WHAT THIS TASK INVOLVES
Reproduce word for word the lines from the beginning of the entries to the line with "Вимикач 1-клавішний Schneider", both included, but none of the pictures.

SUPPLIED ENTRIES
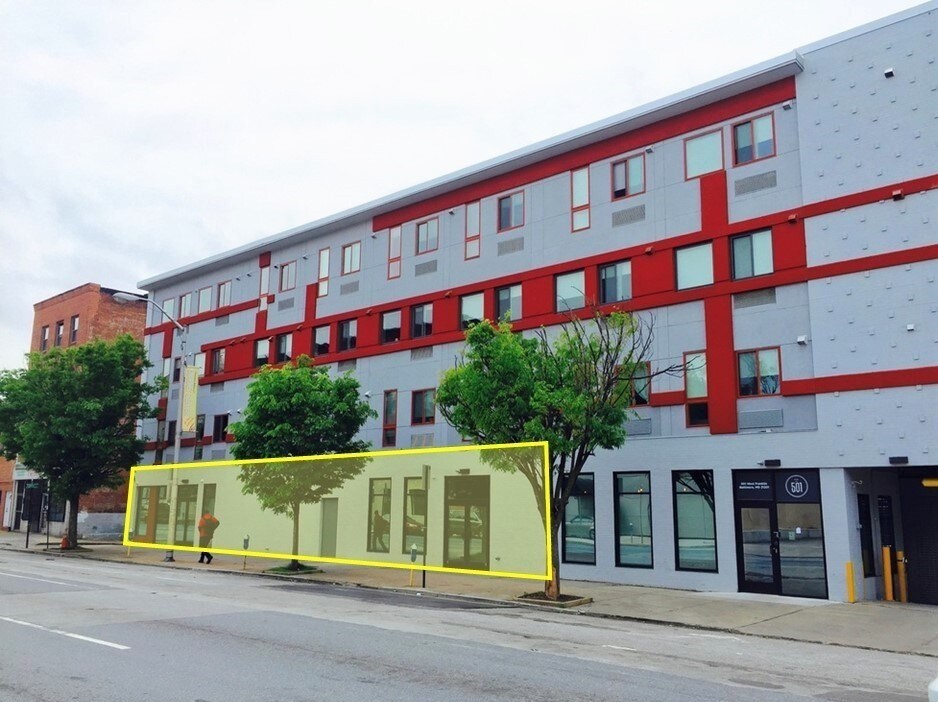 501 W Franklin St, Baltimore, MD for sale Building Photo- Image 1 of 1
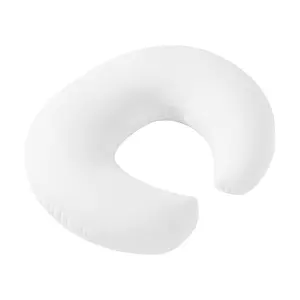Nursing Pillow for Breastfeeding and Bottle Feeding Covered Positioner with Tummy Time Support Baby Sitting Awake Positioning 22x17.7x5.9 Inch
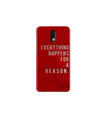Everything Happens Reason Mobile Back Case for Nokia 2.2 (Design - 378)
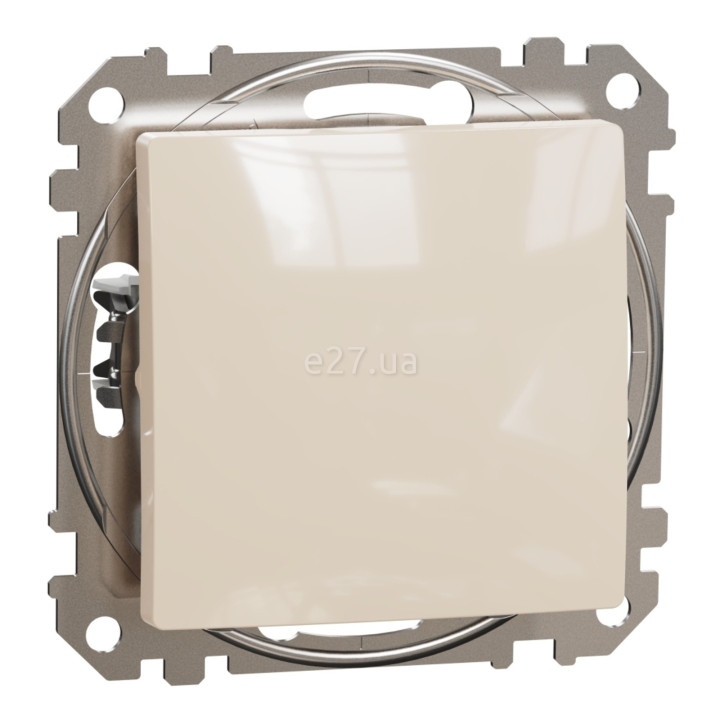 Вимикач 1-клавішний Schneider Electric SDD112101 Sedna Design, бежевий, пластик, без підсвітки та індикації, для врізного монтажу · Schneider Electric · schneider-electric-sdd112101
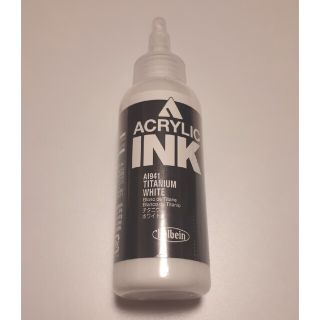 ホルベイン　液状アクリル樹脂絵具　ACRYLIC INK チタニウムホワイト(絵の具/ポスターカラー)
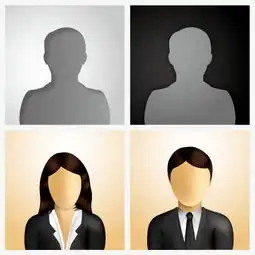 矢量商务头像png图片素材免费下载eps格式熊猫办公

SOLUTION BELOW
 501 W Franklin St, Baltimore, MD for sale Building Photo- Image 1 of 1
Nursing Pillow for Breastfeeding and Bottle Feeding Covered Positioner with Tummy Time Support Baby Sitting Awake Positioning 22x17.7x5.9 Inch
Everything Happens Reason Mobile Back Case for Nokia 2.2 (Design - 378)
 Вимикач 1-клавішний Schneider Electric SDD112101 Sedna Design, бежевий, пластик, без підсвітки та індикації, для врізного монтажу · Schneider Electric · schneider-electric-sdd112101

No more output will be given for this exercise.